= Assigned task =
Which of the lines below contain the string "Picture"? Pull each one out of the data.

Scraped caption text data
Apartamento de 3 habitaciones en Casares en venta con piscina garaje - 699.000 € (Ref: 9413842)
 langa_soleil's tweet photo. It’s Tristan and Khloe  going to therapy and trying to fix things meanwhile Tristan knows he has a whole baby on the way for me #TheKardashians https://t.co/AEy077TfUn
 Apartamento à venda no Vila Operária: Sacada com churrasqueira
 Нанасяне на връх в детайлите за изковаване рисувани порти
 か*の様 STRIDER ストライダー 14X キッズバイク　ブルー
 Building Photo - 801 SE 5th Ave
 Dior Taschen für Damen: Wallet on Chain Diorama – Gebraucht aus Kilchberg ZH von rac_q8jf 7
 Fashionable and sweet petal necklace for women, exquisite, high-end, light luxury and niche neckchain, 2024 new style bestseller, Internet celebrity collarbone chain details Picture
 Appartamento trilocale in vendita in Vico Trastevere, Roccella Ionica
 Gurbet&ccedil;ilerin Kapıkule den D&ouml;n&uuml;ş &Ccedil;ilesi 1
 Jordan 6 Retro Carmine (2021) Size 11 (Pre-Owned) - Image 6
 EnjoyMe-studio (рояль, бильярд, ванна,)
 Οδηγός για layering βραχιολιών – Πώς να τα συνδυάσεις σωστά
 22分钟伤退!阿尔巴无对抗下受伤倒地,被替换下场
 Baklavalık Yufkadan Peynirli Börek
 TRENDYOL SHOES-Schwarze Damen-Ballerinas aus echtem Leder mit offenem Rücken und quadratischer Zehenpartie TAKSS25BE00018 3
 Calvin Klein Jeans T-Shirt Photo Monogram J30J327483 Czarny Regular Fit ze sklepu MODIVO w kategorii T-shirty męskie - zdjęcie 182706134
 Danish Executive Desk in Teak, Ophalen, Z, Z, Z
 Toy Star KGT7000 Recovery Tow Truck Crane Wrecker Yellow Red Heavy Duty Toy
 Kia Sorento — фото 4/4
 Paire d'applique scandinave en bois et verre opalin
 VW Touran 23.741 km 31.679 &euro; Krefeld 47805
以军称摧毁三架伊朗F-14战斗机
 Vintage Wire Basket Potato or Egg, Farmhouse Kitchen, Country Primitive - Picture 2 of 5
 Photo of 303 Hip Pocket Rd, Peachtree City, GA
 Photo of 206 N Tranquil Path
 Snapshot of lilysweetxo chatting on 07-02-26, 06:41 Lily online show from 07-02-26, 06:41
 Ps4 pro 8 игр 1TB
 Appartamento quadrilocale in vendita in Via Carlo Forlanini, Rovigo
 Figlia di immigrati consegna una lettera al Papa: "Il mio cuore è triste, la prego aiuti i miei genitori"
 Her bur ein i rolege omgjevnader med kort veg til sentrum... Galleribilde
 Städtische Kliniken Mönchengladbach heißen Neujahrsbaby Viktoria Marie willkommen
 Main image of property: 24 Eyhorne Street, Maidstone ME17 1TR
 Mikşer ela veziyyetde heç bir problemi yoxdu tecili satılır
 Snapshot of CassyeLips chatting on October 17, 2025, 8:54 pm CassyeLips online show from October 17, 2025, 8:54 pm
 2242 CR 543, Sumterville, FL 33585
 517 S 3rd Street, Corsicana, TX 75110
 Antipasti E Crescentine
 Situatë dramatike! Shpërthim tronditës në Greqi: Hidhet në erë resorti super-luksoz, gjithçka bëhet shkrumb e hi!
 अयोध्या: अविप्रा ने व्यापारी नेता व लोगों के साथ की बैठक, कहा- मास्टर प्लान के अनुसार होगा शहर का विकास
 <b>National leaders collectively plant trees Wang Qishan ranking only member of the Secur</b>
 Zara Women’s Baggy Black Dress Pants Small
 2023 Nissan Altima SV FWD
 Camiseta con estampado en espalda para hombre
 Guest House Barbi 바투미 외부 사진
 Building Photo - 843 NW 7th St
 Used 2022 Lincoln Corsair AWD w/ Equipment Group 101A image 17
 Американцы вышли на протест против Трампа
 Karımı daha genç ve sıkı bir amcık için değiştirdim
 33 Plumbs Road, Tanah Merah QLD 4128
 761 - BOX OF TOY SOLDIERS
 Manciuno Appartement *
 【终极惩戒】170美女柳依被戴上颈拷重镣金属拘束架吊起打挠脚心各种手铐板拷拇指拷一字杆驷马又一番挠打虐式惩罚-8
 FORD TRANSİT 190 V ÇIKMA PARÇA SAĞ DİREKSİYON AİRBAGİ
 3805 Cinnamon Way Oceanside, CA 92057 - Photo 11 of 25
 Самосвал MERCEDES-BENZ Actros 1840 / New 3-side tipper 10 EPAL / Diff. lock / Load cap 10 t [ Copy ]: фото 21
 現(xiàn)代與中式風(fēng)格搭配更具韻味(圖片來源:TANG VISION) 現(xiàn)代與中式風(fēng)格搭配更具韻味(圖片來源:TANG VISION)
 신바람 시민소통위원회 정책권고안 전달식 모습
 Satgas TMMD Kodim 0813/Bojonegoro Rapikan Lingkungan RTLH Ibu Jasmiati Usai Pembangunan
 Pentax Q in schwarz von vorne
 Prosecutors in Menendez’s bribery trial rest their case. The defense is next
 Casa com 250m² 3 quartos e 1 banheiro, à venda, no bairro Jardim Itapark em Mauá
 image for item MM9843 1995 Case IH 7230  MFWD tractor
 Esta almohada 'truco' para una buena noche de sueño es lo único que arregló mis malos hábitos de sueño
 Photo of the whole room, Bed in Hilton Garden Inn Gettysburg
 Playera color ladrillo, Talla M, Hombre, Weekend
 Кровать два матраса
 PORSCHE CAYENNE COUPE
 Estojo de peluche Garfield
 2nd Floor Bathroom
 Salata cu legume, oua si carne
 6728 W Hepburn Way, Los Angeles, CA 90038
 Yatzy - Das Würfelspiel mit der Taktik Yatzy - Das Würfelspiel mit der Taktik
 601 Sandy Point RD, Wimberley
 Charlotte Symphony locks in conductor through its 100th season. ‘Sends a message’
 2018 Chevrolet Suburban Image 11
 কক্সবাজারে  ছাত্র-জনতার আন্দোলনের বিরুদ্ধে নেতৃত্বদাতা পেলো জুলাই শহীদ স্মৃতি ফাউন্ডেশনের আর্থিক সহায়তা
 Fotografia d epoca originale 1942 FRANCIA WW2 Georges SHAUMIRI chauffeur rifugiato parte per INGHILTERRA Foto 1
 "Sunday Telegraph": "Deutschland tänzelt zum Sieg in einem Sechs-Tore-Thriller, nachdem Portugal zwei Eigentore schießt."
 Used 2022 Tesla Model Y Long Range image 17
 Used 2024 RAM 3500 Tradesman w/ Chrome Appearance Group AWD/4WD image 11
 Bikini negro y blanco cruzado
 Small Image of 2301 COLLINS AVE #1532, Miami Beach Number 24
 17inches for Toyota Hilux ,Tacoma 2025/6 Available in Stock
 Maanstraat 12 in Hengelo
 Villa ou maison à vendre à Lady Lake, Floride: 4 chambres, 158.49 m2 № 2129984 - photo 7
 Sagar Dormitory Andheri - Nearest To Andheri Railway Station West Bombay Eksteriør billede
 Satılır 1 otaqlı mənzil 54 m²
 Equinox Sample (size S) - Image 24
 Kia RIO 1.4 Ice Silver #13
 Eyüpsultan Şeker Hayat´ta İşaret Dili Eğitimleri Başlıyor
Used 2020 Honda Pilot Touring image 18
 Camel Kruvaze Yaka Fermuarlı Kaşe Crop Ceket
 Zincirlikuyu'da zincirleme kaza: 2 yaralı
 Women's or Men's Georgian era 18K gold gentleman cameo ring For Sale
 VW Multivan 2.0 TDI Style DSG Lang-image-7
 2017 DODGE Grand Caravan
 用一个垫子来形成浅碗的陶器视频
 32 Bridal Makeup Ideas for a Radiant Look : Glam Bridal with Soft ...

= Your response =
 Fashionable and sweet petal necklace for women, exquisite, high-end, light luxury and niche neckchain, 2024 new style bestseller, Internet celebrity collarbone chain details Picture
 Vintage Wire Basket Potato or Egg, Farmhouse Kitchen, Country Primitive - Picture 2 of 5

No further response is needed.